We pulled off the highway, and headed for the brand new parking lot, asphalt still shiny and slick with tar. As we headed toward the mall entrance, he stopped, and looked at me, in that serious way of his. He said, “I don’t know what I’m going to do, when you’re gone. I really, really like being with you, talking with you. I’m afraid you’ll forget me, find somebody there who’s more fun, then come back and we’ll never see each other again.”
We stood there in the rising June sun. I wanted to grab his hands, pull him towards me, hug him. But with all the people around, that didn’t feel right. I looked down at my shoes, then, smiling, back up at him. “You can write. We can write. Letters. I’ll tell you what I’m doing, you tell me about working at that pool down in Kentucky. I’m not going to forget you, Michael Harrison. Not now, not ever.”
He pulled his lips up, then they quivered. I could see his eyes getting moist, saw a struggle there. Finally, “Janie, I…There’s something I’ve, I’ve…I think I have to say…” Quiet for a long time, me waiting, “I think I love you. Janie.”

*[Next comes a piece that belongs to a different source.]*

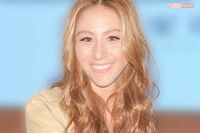 道端カレンの肉体激変に「ムキムキ」「格闘技」ネット騒然、次女のジェシカ、三女のアンジェリカの三姉妹で…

I grabbed him, for a big, long hug, there in the parking lot in front of all those people I did not know but did not care if they knew about us.
A week and a half later, the mailbox outside our beach-side rental in Menemsha on the Vineyard finally had in it, not a letter, but a thick manilla envelope addressed to me. I’d written Mike as soon as we got there, just a short letter telling him we were all fine, things like walking on the beach and finding shells, little daily small talk really. But I’d ended with a paragraph about how I thought of him every day, and missed him not being there with me, telling me things and making me laugh. I finished, “Love, Janie”, hoping he’d know I meant it.

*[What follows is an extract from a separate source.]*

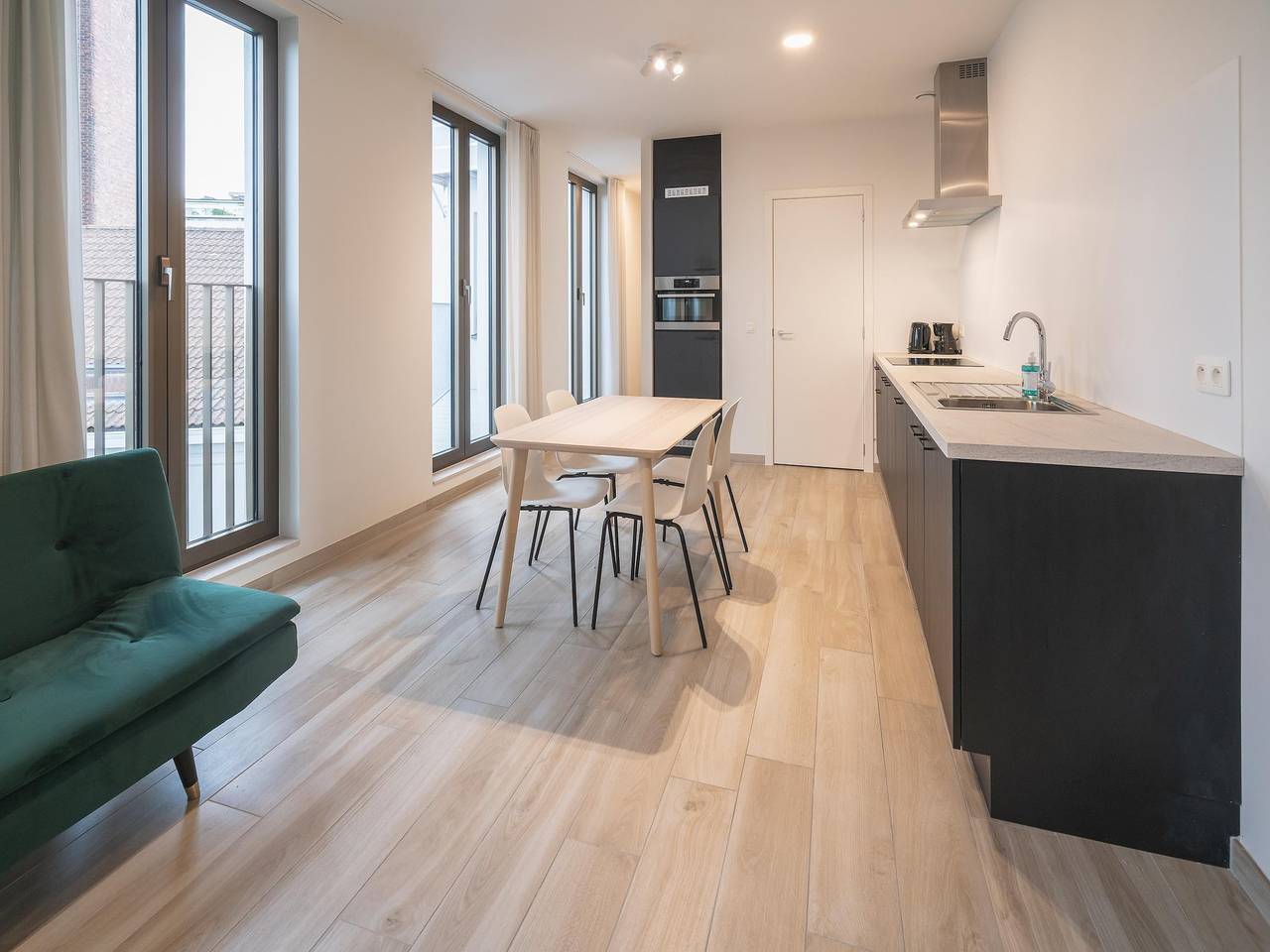 Apartamento entero, City Rhythm: Vivienda para 10 personas en Amberes in Amberes, Región de Amberes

He’s sent all his poems, numbered 1-46, typed on that crinkly onion skin paper, each dated and most of them timed. The cover letter read, in part
What you are about to read, if you have the courage, is a compilation of everything important I have written since December, 1965. I didn’t plan a bit of it, as I’ve told you a thousand times. My muse arrived sometime in March, and mysteriously departed at 11 AM, June 2nd, 1966, only to return more mysteriously in this introduction. There’s so many things I want to say, but no explanations of meaning will be offered for any of the pieces, because: (a) I didn’t know myself what they meant when I first wrote them; (b) the meaning keeps changing for me; and (c) it’s either there for you or it isn’t…

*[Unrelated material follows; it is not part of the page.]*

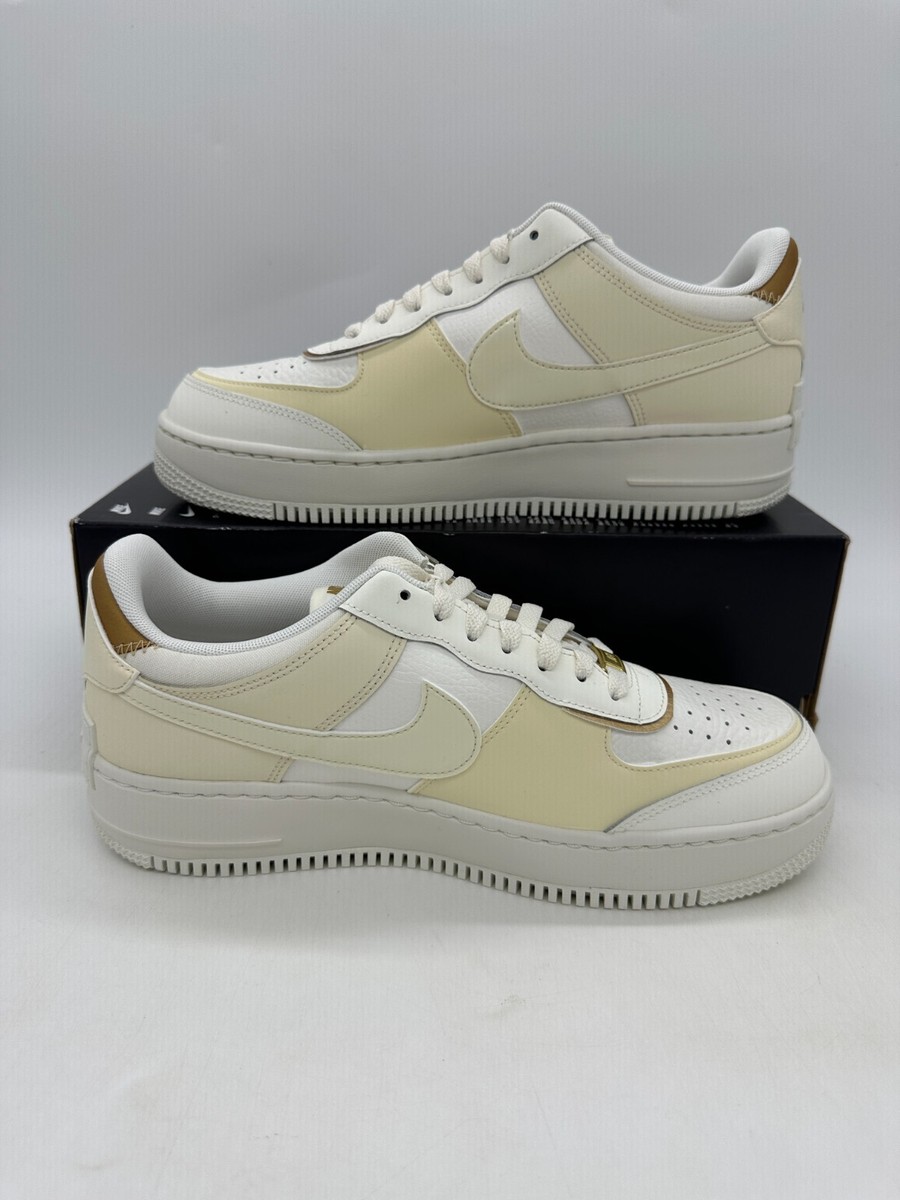 Nike Air Force 1 ホワイト ゴールド アクセント Amazon | [ナイキ] エア フォース 1 '07 NN W AIR FORCE 1 '07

I hope you understand what’s behind the proffering of this gift. (I don’t.) This is an attempt (I guess) to pierce a suffocating layer of superficial profundity which surrounds all we do. I mean, look at who knows you, and those who think they do, and notice the difference between them in relation to you…Some people are so sure they know you so well, just from the surface contact they have with you. They have you all figured out, and placed where they feel you belong. Take Five Fingers, for example. How well do any of them (the seniors) or Mkrtchian know you? Not at all, really, I suppose. And yet, you’re chosen, not for the You you know you are, but for the superficial, uncomplicated You they have you figured out to be. And yet, you still got appointed, on the basis of the unreal (to you, and those who know you) You. Now take those who know you. There’s Lizzie and Leon, and me. We get to see the real You, even as it gets more mysterious and seems to fade away, But we still feel so close to the full picture. And yet the kids of Avondale have made you the queen of their school, without ever knowing (or caring) who Janie Stein is.